### [Dataset extract]
★ ★ ★ ★ ★
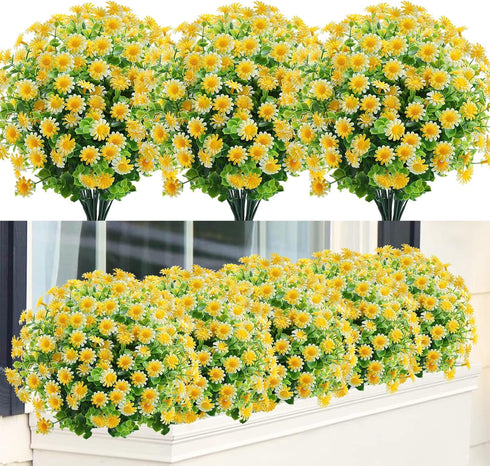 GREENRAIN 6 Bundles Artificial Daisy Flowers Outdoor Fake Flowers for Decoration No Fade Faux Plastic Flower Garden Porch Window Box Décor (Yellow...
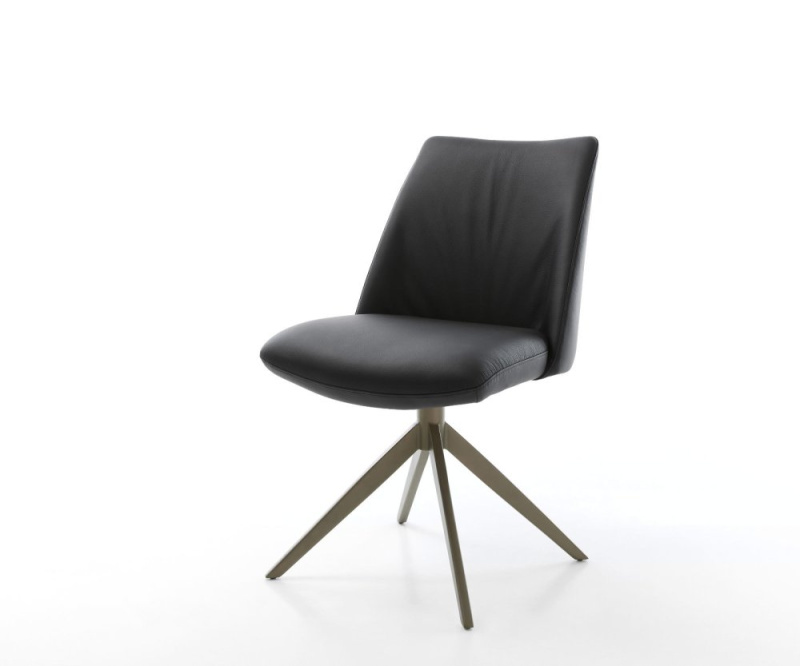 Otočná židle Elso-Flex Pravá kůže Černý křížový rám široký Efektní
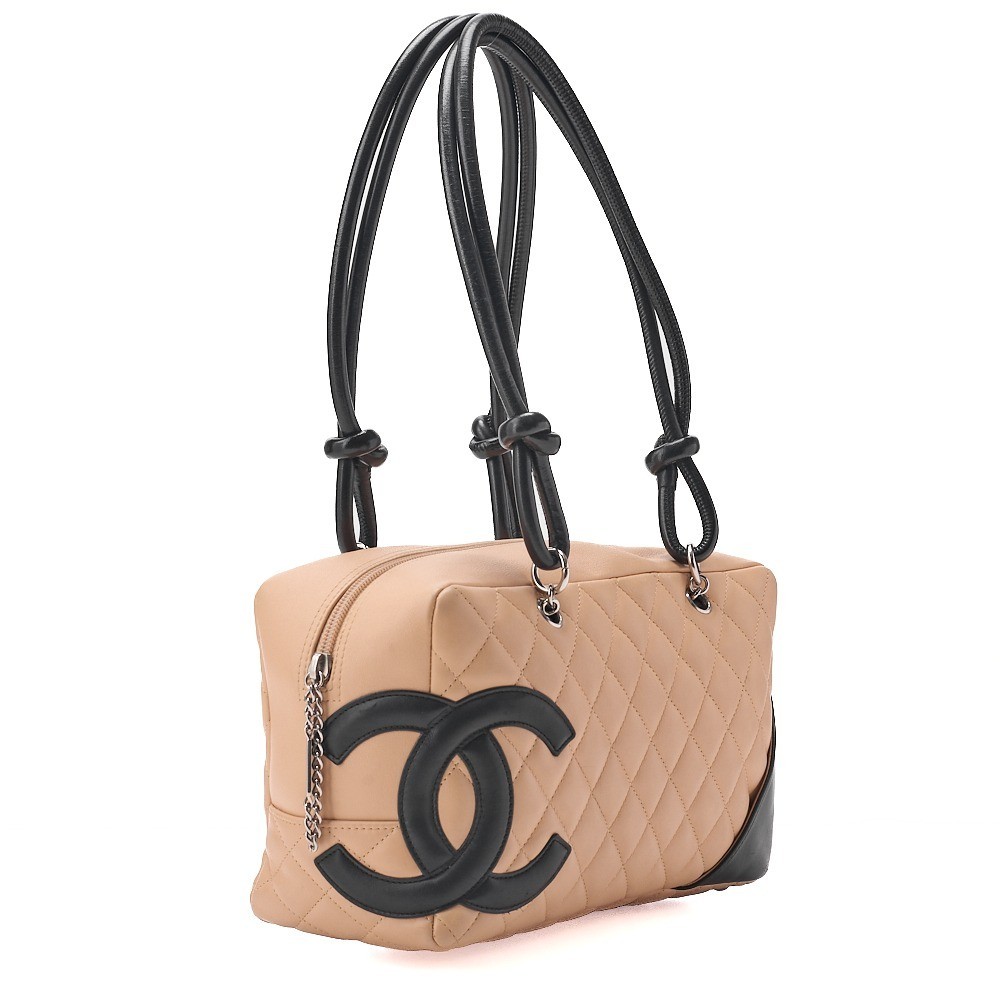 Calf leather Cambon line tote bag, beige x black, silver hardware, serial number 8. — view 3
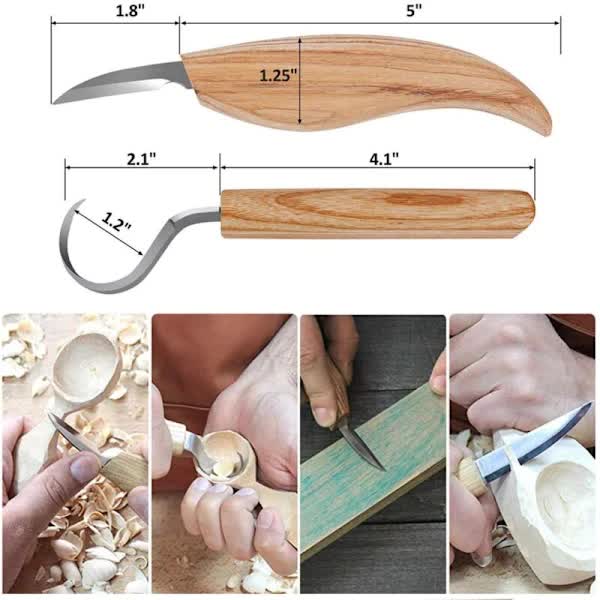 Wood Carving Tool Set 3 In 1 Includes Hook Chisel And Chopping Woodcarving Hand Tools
★ ★ ★ ★ ★
### [Assigned task]
Return the material as it stands. Leave out the pictures.

### [Answer for the task]
 GREENRAIN 6 Bundles Artificial Daisy Flowers Outdoor Fake Flowers for Decoration No Fade Faux Plastic Flower Garden Porch Window Box Décor (Yellow...
 Otočná židle Elso-Flex Pravá kůže Černý křížový rám široký Efektní
 Calf leather Cambon line tote bag, beige x black, silver hardware, serial number 8. — view 3
 Wood Carving Tool Set 3 In 1 Includes Hook Chisel And Chopping Woodcarving Hand Tools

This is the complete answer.